幼稚園に14年勤めたマキさん(30代)・下
育休から復帰して、サブ的な仕事についたマキさん。めまいが止まらなくなり、仕事をやめようと決意していました。翌年度の人繰りを決める時期を考えて昨年7月、園長に「退職します」と話しました。「育児に専念するため」と言ったけれど、実際は仕事の悩みが主な理由。
今後もサブ的な仕事につくとすれば、正直、楽しくなかったからです。サブだと、担任の意向に沿って仕事をしなければなりません。担任はマキさんよりも年下が多く、経験から「こうしたほうがいい」と思っても、うるさいかなとか、後輩が成長しないかなとか考えてしまいました。
子育て中でサブに徹して仕事を続けている職員もいましたが、マキさんはそうなれないと考えました。長年勤めた、大好きな仕事。かといって担任の仕事は残業も多くハード過ぎて、育児とのバランスを取れるような状況ではなく、長い間引き受けるのは難しいです。時間の流れとともに人間関係や仕事の内容も変わり、この職場をもう支えられないという気持ちが大きくなってきました。
最後の1年は、あえてハードな年長クラスの担任を希望。やり遂げました。今年3月。30人を超える子ども達を無事に卒園させました。勤務の最終日には、14年の間に出会った子どもたちや親、やめた先生も会いに来てくれました。中には、高校生になっている子も。お花や手紙を贈られ、「最高の保育人生だった」と号泣でした。

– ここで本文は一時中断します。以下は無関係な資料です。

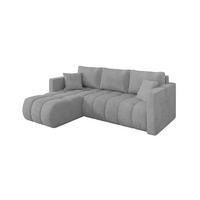 ROHOVÁ SEDAČKA s funkcí spaní, otoman vlevo GARD-L 226x146x85 šedá manšestr - šedá/černá, kompozitní dřevo/textil (226/146cm) - ALTDECOR
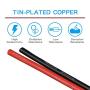 BNTECHGO 12 Gauge Silicone Wire Spool 50 feet Ultra Flexible High Temp 200 deg C 600V 12 AWG Silicone Wire 680 Strands of Tinned Copper Wire 25 ft Black and 25 ft Red Stranded Wire for Model Battery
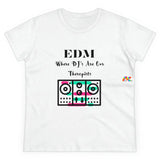 edm rave shirt for women, short sleeve, crew neck, where dj's are our therapists sizes small to 3XL, plus size rave shirts - cosplay moon
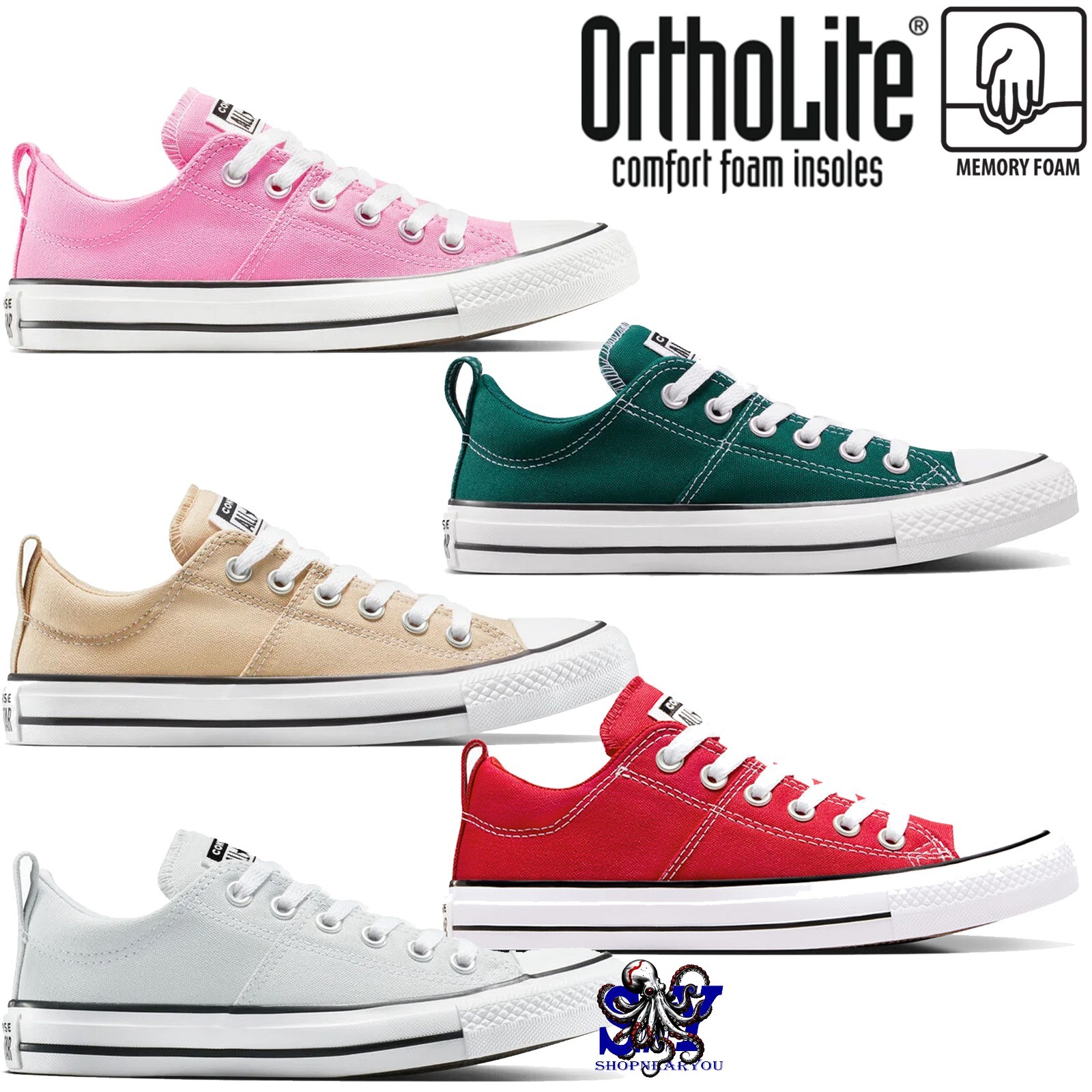 Converse Women's Chuck Taylor Madison Low Top Sneakers Padded Comfort Shoes NEW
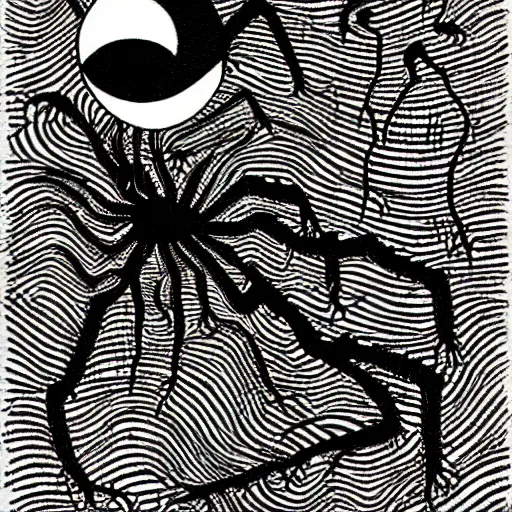 Prompt: arachnophobia, artwork by junji ito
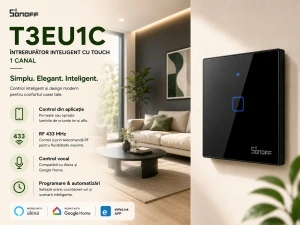 Intrerupator Inteligent cu Touch Sonoff T3 EU TX, Wireless + RF 433, 1 canal - Img 2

「子育て中でも、責任の重い担任ができる」。この職場で初めて、それを示せたのがよかったと、マキさんは強調します。子どもがいて一線にいる職員がいなかったから。ただ万全のサポートがないと、育児と幼稚園の担任という仕事の両立をずっと続けていくのは、大変だということも実感しました。
卒園式のころに、2人目の妊娠も分かりました。退職して4月から、新しい生活に入りました。